- Barbara Egel Meetings, Presentations, Subject Matter Experts
A crucial but often neglected part of successful business communication is making it easy for your audience to understand what you are communicating. The use of jargon or acronyms with no explanation is a frequent error that really works against the idea of making it easy. Too often, we assume people will understand us because they work at our company or in our industry, but that assumption can lead to unintended outcomes such as confusion and frustration. Let’s look at what you can do to make it easy for your listeners to understand you.
Anticipate possible confusion during preparation
- As you’re preparing, be deliberate in identifying where your terminology comes from and what you can realistically expect people to know. This is a part of your audience analysis process, which should guide you throughout your preparation.

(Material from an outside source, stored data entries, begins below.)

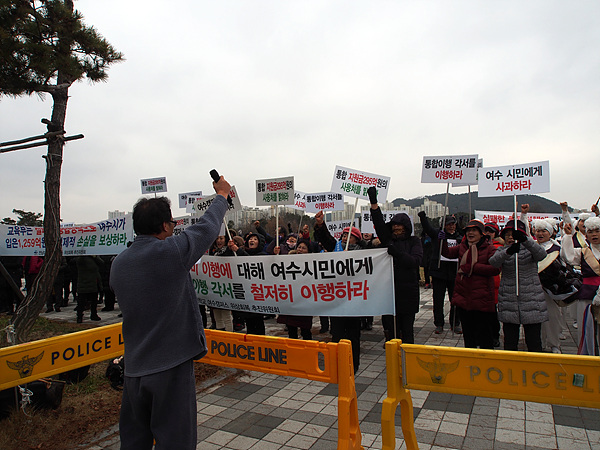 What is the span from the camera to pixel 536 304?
528 cm

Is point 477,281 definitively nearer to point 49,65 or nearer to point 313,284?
point 313,284

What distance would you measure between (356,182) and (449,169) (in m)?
1.85

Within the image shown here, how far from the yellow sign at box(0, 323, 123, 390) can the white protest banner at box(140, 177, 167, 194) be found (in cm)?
983

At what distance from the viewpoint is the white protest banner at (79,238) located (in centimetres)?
952

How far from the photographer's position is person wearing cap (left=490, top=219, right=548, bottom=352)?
17.2 feet

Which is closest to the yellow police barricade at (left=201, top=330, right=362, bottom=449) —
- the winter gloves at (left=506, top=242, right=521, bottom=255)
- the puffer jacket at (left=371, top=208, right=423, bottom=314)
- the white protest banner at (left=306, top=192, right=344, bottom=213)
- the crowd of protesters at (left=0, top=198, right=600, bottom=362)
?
the crowd of protesters at (left=0, top=198, right=600, bottom=362)

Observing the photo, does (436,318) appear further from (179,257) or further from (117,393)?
(179,257)

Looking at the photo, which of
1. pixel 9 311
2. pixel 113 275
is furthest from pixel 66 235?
pixel 113 275

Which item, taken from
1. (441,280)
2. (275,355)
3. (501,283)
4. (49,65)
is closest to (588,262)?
(501,283)

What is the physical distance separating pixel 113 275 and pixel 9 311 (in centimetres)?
1230

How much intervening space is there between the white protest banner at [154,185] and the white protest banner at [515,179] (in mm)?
9595

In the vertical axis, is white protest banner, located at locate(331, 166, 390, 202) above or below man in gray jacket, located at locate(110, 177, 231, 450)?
above

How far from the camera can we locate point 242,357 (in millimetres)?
3789

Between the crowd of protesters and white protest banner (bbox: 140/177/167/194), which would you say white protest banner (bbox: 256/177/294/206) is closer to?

- If a term has a legal or regulatory definition that’s far more specific than its common dictionary definition, you may need to spend some time on it. For example, what constitutes “property” in a copyright conversation may require a slide of its own and a thorough explanation of the details.
- Plan to spell out even the most obvious acronym the first time. What I mean is something like this: “We can expect a good return on investment, or ROI, over time when we switch suppliers.” After that, you can just say ROI when you need to. But use your judgment here.
- When it comes to jargon, plan to define specific terms at least the first time you use them. And remember, context is important. “Black box” means one thing in a theater context, another in an algorithm context, and yet another in an aviation context. When you first use the term, a quick, simple definition usually works: “We’ll be holding the benefit in the Arts Center’s black box theater, which is just a big room with seats and platforms that can be rearranged to suit different purposes.” Then you can move on.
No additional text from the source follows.